WHAT YOU HAVE TO DO: Once you find the line with "NEW Zendikar Rising" in the listing below, set down exactly every line from it through the line with "2025 Rolls-Royce Cullinan", but no pictures.

[DATA SHOWN — start]

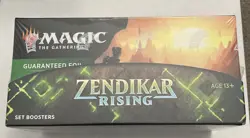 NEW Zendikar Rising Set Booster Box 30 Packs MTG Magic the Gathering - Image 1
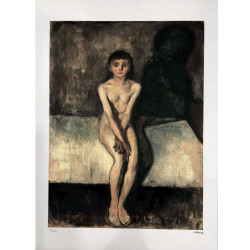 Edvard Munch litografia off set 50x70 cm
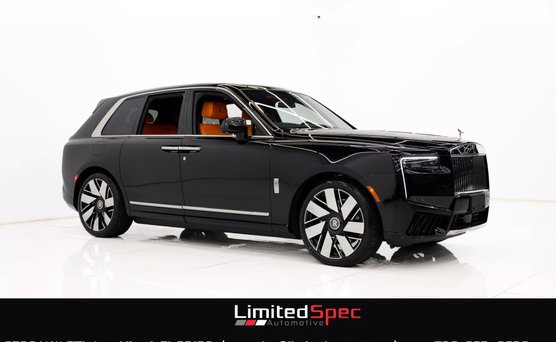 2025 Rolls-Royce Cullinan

[DATA SHOWN — finish]
[DATA SHOWN — start]

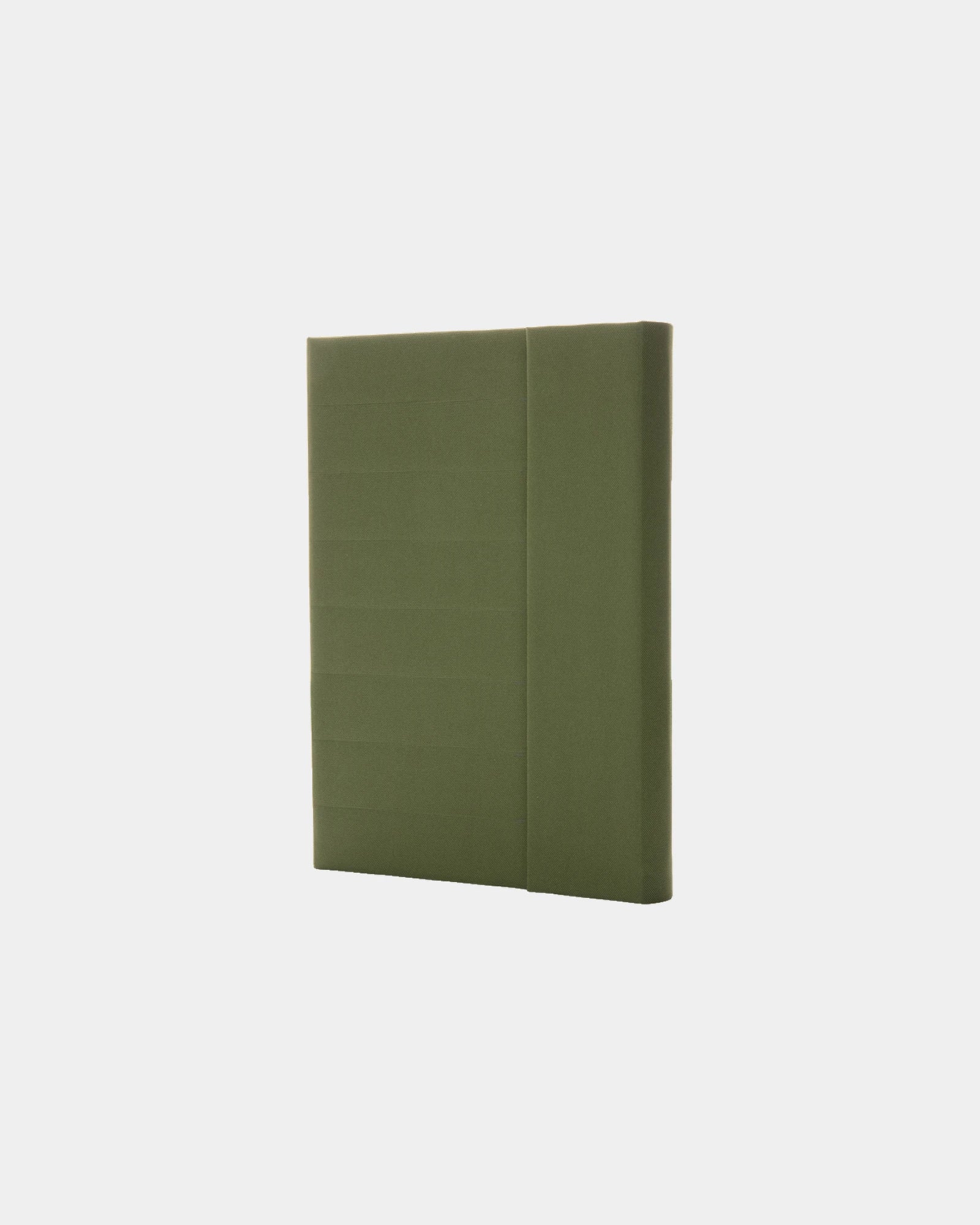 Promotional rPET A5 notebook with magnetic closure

[DATA SHOWN — finish]

ANSWER FOR THE TASK:
 NEW Zendikar Rising Set Booster Box 30 Packs MTG Magic the Gathering - Image 1
 Edvard Munch litografia off set 50x70 cm
 2025 Rolls-Royce Cullinan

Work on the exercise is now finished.